This discussion has been locked.
You can no longer post new replies to this discussion. If you have a question you can start a new discussion

What is the GPU/driver doing if not shading?

I ran Streamline on the SimpleTriangle example from Mali OpenGL ES SDK for Android v1.6.0. Basically, each frame it renders a triangle, that covers half of the frame. It renders to the default framebuffer. What I observe is, that most of the time is spent not vertex/fragment processing. What is actually the GPU/driver doing during this time? Note that I don't mean the time between frames, but the time between vertex and fragment processing.

I have tried this example on two platforms, one with Mali-400 and the other with Mali-450. Both give the same result.

Below is an illustration of the behavior when rendering a single frame. As you can see, the middle part is a significant portion of the processing of the frame.

what-is-the-gpu-doing-part.png

Below is a trace of the OpenGL API calls for a single frame.

glClearColor(red=0.0, green=0.0, blue=0.0, alpha=1.0)

glClear(mask=GL_DEPTH_BUFFER_BIT|GL_COLOR_BUFFER_BIT)

glUseProgram(program=3)

glVertexAttribPointer(index=0, size=2, type=GL_FLOAT, normalized=GL_FALSE, stride=0, pointer=0x776e3af0)

glEnableVertexAttribArray(index=0)

glDrawArrays(mode=GL_TRIANGLES, first=0, count=3)

eglSwapBuffers(dpy=0x1, surface=0x77474988)

Parents
  • Hi sogartar,

    As McGeagh mentioned in that highlighted region the GPU fragment activity is your fragment shader running on each pixel. If I understand correctly you are asking about "Fragments rasterized count" counter? This counter counts the fragments rasterized from triangles. More details available Rasterisation - Wikipedia, the free encyclopedia.
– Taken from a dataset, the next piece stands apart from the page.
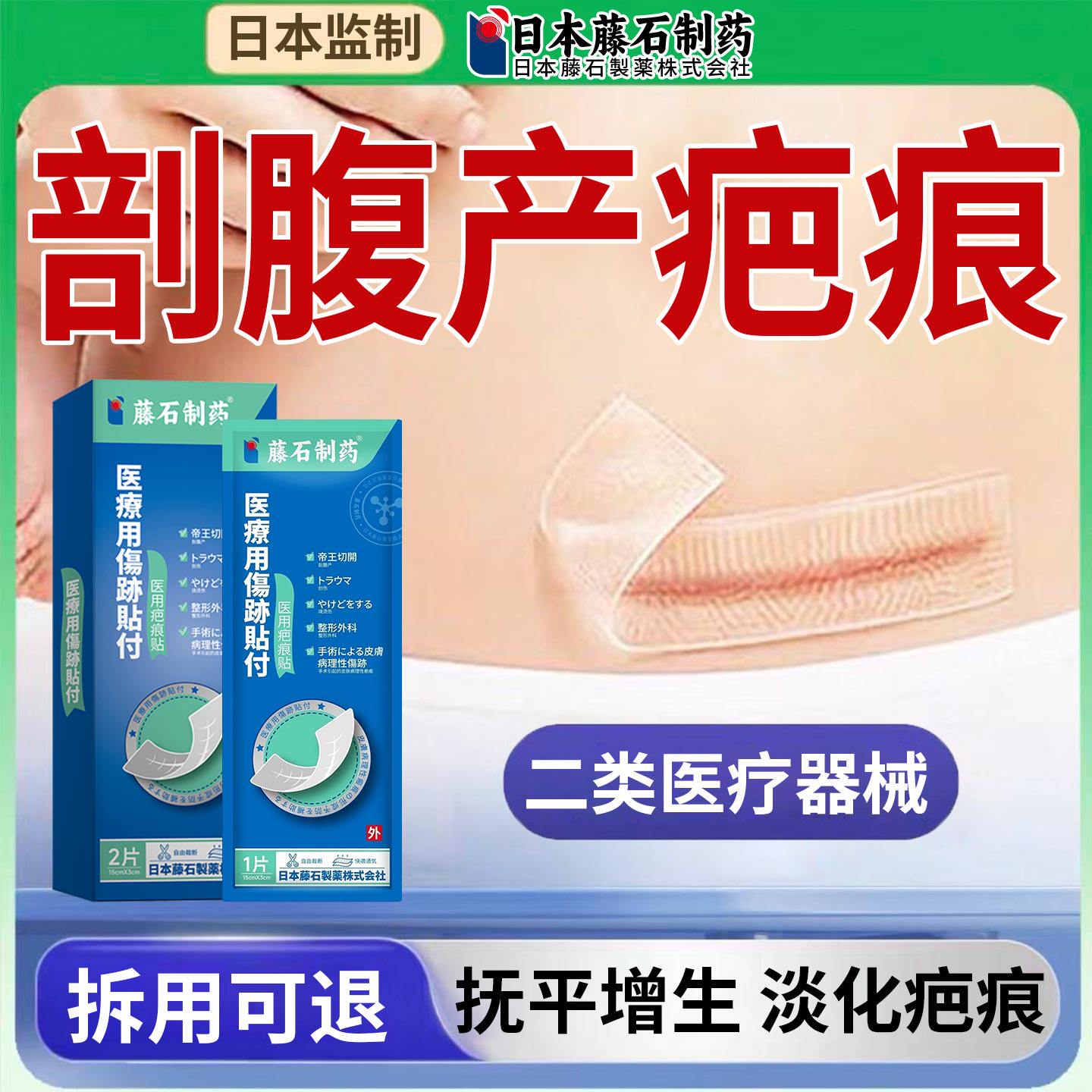 剖腹产术后淡化疤痕贴TS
    In that highlighted region for these counters, you see it idle because this needs to happen before any fragment shading can start. If you scroll to the left you should see these counters with some bigger numbers for that highlighted GPU fragment activity.

    HTH,

    Wasim

Reply
  • Hi sogartar,

    As McGeagh mentioned in that highlighted region the GPU fragment activity is your fragment shader running on each pixel. If I understand correctly you are asking about "Fragments rasterized count" counter? This counter counts the fragments rasterized from triangles. More details available Rasterisation - Wikipedia, the free encyclopedia.

    In that highlighted region for these counters, you see it idle because this needs to happen before any fragment shading can start. If you scroll to the left you should see these counters with some bigger numbers for that highlighted GPU fragment activity.

    HTH,

    Wasim

Children
  • Hi Wasim,

    To be honest your replay did not make much sense to me.

    If you are to collect total bus writes/reads of the fragment processors, alongside the number of rasterized fragments, you would always find them matching in time. In the above case, there won't be much reading, because the contents of the buffer are not preserved before drawing, so there is no uploading to tile memory before fragment shading. On the other hand total bus writes would match the size of the buffer in memory. This means, that the whole process of uploading to tile memory, running the fragment shader program and downloading the tile back to main memory happens only at the end of GPU fragment activity. This is when the Mali-4xx FPs are active. Then the highlighted area in the image can't be where each pixel is shaded.

  • Please note that there is a difference between "Counters" and "Activity" (Hence the difference in chart looks).

    Counters are collected at set times, and gives the value of that counter when read, resets itself back to zero, and will continue counting until the next time it is read.

    Activity however is different and not done via hardware counters. It is the activity... a rough % of utilisation of the GPU (Vertex and Fragment separately) and its activity.

    Streamline is telling you that in your highlighted region, the GPU is active, and doing work.

    The hardware counters tell you what specific part(s) inside the vertex and/or fragment core(s) were active between the time it was last checked and the current check.

    I hope this helps explain things further.

    Kind Regards,

    Michael McGeagh

  • This seams reasonable, one thing though. Data is sampled with 1KHz frequency. Doesn't this mean that the Fragment Processor counters should measure an increase at least once during this 2.8 ms window? I never observe this. Never are the counters increased in the beginning of fragment activity, always at the end, so it can't be a matter of occasional drop in sampling frequency.

    As you can see in the image, vertex activity is aways between Vertex Processor counters increases. This is what I expect to see for the Fragment activity as well.

  • Could you provide us with an export of your capture (option within Streamline) and provide me with this for further investigation?

    This could be an issue with how Streamline is presenting the information, or it could be correct behaviour... I cant quite tell from the screenshot.

    Kind Regards,

    Michael McGeagh

  • I have the export command grayed out. Probably, because it is a community edition. I am sending you the apc directory.